Given data:
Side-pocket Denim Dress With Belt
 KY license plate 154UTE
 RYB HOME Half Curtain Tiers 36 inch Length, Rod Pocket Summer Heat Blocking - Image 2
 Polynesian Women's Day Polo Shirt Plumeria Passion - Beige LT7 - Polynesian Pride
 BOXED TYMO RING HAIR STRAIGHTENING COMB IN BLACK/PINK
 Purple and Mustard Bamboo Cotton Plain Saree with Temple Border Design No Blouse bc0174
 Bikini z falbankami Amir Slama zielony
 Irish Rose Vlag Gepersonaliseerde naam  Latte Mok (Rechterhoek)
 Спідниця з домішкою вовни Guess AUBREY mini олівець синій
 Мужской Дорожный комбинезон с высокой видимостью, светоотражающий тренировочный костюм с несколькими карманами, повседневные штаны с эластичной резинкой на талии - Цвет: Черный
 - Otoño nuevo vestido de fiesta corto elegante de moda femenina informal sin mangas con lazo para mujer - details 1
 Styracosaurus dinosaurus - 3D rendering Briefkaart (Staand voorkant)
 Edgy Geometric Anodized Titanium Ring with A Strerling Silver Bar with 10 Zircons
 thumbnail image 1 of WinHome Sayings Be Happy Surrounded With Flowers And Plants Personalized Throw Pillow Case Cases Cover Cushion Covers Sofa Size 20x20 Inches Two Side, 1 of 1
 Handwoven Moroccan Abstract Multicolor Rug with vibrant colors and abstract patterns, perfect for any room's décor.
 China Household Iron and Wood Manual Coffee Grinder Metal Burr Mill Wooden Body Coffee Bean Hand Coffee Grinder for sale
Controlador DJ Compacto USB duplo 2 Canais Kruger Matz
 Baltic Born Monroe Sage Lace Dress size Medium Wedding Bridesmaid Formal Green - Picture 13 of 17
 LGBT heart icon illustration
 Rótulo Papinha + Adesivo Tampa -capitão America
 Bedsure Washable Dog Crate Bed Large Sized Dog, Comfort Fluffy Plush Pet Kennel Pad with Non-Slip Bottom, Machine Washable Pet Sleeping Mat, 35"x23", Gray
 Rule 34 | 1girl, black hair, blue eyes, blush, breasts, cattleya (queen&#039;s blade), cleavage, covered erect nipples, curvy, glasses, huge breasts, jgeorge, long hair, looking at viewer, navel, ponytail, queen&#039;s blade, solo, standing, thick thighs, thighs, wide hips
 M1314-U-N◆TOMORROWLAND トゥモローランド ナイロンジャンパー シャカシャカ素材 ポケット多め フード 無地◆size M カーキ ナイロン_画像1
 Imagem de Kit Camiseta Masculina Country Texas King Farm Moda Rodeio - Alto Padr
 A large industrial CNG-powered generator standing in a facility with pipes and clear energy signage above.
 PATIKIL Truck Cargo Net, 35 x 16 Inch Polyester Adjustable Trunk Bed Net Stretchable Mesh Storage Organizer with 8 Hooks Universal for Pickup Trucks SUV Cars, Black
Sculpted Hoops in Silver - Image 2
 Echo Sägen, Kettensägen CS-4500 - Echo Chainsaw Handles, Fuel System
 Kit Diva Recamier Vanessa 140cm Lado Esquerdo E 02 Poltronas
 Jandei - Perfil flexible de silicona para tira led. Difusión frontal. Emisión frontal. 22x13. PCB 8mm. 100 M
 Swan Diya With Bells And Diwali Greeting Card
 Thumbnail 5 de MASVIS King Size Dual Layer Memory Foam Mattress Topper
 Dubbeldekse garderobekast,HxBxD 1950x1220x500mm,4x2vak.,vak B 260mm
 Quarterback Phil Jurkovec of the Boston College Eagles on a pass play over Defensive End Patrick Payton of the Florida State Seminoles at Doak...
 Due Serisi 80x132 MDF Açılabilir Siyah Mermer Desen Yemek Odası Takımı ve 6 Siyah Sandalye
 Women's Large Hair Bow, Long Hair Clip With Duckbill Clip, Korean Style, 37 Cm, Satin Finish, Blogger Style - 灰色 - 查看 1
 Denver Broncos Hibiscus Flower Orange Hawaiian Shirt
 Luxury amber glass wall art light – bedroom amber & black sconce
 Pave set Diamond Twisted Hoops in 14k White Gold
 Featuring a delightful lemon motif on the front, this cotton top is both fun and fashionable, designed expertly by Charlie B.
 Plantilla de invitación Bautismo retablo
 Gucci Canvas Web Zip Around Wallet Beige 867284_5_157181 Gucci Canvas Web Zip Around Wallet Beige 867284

Work instructions:
All of the lines above must be returned exactly.

Response to this exercise:
Side-pocket Denim Dress With Belt
 KY license plate 154UTE
 RYB HOME Half Curtain Tiers 36 inch Length, Rod Pocket Summer Heat Blocking - Image 2
 Polynesian Women's Day Polo Shirt Plumeria Passion - Beige LT7 - Polynesian Pride
 BOXED TYMO RING HAIR STRAIGHTENING COMB IN BLACK/PINK
 Purple and Mustard Bamboo Cotton Plain Saree with Temple Border Design No Blouse bc0174
 Bikini z falbankami Amir Slama zielony
 Irish Rose Vlag Gepersonaliseerde naam  Latte Mok (Rechterhoek)
 Спідниця з домішкою вовни Guess AUBREY mini олівець синій
 Мужской Дорожный комбинезон с высокой видимостью, светоотражающий тренировочный костюм с несколькими карманами, повседневные штаны с эластичной резинкой на талии - Цвет: Черный
 - Otoño nuevo vestido de fiesta corto elegante de moda femenina informal sin mangas con lazo para mujer - details 1
 Styracosaurus dinosaurus - 3D rendering Briefkaart (Staand voorkant)
 Edgy Geometric Anodized Titanium Ring with A Strerling Silver Bar with 10 Zircons
 thumbnail image 1 of WinHome Sayings Be Happy Surrounded With Flowers And Plants Personalized Throw Pillow Case Cases Cover Cushion Covers Sofa Size 20x20 Inches Two Side, 1 of 1
 Handwoven Moroccan Abstract Multicolor Rug with vibrant colors and abstract patterns, perfect for any room's décor.
 China Household Iron and Wood Manual Coffee Grinder Metal Burr Mill Wooden Body Coffee Bean Hand Coffee Grinder for sale
Controlador DJ Compacto USB duplo 2 Canais Kruger Matz
 Baltic Born Monroe Sage Lace Dress size Medium Wedding Bridesmaid Formal Green - Picture 13 of 17
 LGBT heart icon illustration
 Rótulo Papinha + Adesivo Tampa -capitão America
 Bedsure Washable Dog Crate Bed Large Sized Dog, Comfort Fluffy Plush Pet Kennel Pad with Non-Slip Bottom, Machine Washable Pet Sleeping Mat, 35"x23", Gray
 Rule 34 | 1girl, black hair, blue eyes, blush, breasts, cattleya (queen&#039;s blade), cleavage, covered erect nipples, curvy, glasses, huge breasts, jgeorge, long hair, looking at viewer, navel, ponytail, queen&#039;s blade, solo, standing, thick thighs, thighs, wide hips
 M1314-U-N◆TOMORROWLAND トゥモローランド ナイロンジャンパー シャカシャカ素材 ポケット多め フード 無地◆size M カーキ ナイロン_画像1
 Imagem de Kit Camiseta Masculina Country Texas King Farm Moda Rodeio - Alto Padr
 A large industrial CNG-powered generator standing in a facility with pipes and clear energy signage above.
 PATIKIL Truck Cargo Net, 35 x 16 Inch Polyester Adjustable Trunk Bed Net Stretchable Mesh Storage Organizer with 8 Hooks Universal for Pickup Trucks SUV Cars, Black
Sculpted Hoops in Silver - Image 2
 Echo Sägen, Kettensägen CS-4500 - Echo Chainsaw Handles, Fuel System
 Kit Diva Recamier Vanessa 140cm Lado Esquerdo E 02 Poltronas
 Jandei - Perfil flexible de silicona para tira led. Difusión frontal. Emisión frontal. 22x13. PCB 8mm. 100 M
 Swan Diya With Bells And Diwali Greeting Card
 Thumbnail 5 de MASVIS King Size Dual Layer Memory Foam Mattress Topper
 Dubbeldekse garderobekast,HxBxD 1950x1220x500mm,4x2vak.,vak B 260mm
 Quarterback Phil Jurkovec of the Boston College Eagles on a pass play over Defensive End Patrick Payton of the Florida State Seminoles at Doak...
 Due Serisi 80x132 MDF Açılabilir Siyah Mermer Desen Yemek Odası Takımı ve 6 Siyah Sandalye
 Women's Large Hair Bow, Long Hair Clip With Duckbill Clip, Korean Style, 37 Cm, Satin Finish, Blogger Style - 灰色 - 查看 1
 Denver Broncos Hibiscus Flower Orange Hawaiian Shirt
 Luxury amber glass wall art light – bedroom amber & black sconce
 Pave set Diamond Twisted Hoops in 14k White Gold
 Featuring a delightful lemon motif on the front, this cotton top is both fun and fashionable, designed expertly by Charlie B.
 Plantilla de invitación Bautismo retablo
 Gucci Canvas Web Zip Around Wallet Beige 867284_5_157181 Gucci Canvas Web Zip Around Wallet Beige 867284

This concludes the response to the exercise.